# Dubai Duty Free Tennis



## ipshi (Jul 23, 2010)

Ok so maybe I am a bit late in getting the tickets but I really wanna go to this. The online tickets are sold out for the Men's finals. Does anyone know of any other way of getting them or has any extra tickets?

I am trying to call them up but no one seems to want to talk to me


----------



## Felixtoo2 (Jan 16, 2009)

Dubizzle might be your best bet for finals tickets but expect to pay a lot more than the original price. You should find it prety easy to get in to the opening two days of the tournament, I`ve been for the past couple of years and the stadium was fairly empty.


----------



## Moe78 (Oct 29, 2010)

Maybe souq.com too


----------



## Lita_Rulez (Nov 4, 2010)

ipshi said:


> Ok so maybe I am a bit late in getting the tickets but I really wanna go to this. The online tickets are sold out for the Men's finals. Does anyone know of any other way of getting them or has any extra tickets?
> 
> I am trying to call them up but no one seems to want to talk to me


The tickets for the finals and semi finals are usually sold out within 2 or 3 days. Online sales are closed within a week for all other days.

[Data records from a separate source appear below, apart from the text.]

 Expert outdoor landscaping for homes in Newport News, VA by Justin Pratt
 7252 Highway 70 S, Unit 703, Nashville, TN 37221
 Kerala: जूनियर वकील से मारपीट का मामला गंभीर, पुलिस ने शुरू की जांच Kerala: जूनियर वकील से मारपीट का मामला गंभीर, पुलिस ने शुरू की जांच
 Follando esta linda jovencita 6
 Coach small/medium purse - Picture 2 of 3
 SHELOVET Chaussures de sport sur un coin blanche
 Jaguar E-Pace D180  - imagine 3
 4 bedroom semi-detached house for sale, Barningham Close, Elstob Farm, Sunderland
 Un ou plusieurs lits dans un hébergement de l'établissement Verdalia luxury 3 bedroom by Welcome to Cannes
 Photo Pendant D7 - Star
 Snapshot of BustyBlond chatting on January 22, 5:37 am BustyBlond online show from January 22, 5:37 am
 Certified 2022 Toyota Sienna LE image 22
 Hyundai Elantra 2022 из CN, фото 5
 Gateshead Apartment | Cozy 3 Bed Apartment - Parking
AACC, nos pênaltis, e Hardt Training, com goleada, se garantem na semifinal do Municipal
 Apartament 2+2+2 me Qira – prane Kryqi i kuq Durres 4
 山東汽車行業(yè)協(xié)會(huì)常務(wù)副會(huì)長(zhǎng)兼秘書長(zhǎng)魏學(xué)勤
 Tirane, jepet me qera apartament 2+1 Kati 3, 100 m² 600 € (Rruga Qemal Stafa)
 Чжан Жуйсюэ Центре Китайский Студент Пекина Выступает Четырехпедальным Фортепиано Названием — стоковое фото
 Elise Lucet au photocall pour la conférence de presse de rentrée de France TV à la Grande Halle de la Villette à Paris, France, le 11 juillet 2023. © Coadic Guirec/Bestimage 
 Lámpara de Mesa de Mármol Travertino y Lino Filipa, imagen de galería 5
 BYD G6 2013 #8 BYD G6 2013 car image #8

Other tickets can usually still be found at the stadium for a couple of weeks, but I doubt if there is anything still available today.


----------



## tariqismail (Feb 11, 2011)

apparently Sony Ericsson just launched a contest to win tickets and a chance to meet Maria Sharapova. check out their twitter feed search for the user: @sonyericssonme


----------



## Sparkysair (Jul 16, 2008)

Tickets for the mens semis and finals sold out in under an hour online! I was lucky and got some for the semis through Dubizzle. I don't think there's anything left except for the first couple of days, but you could go up to the ticket office at Irish Village or pay over the odds for re-sale online.


----------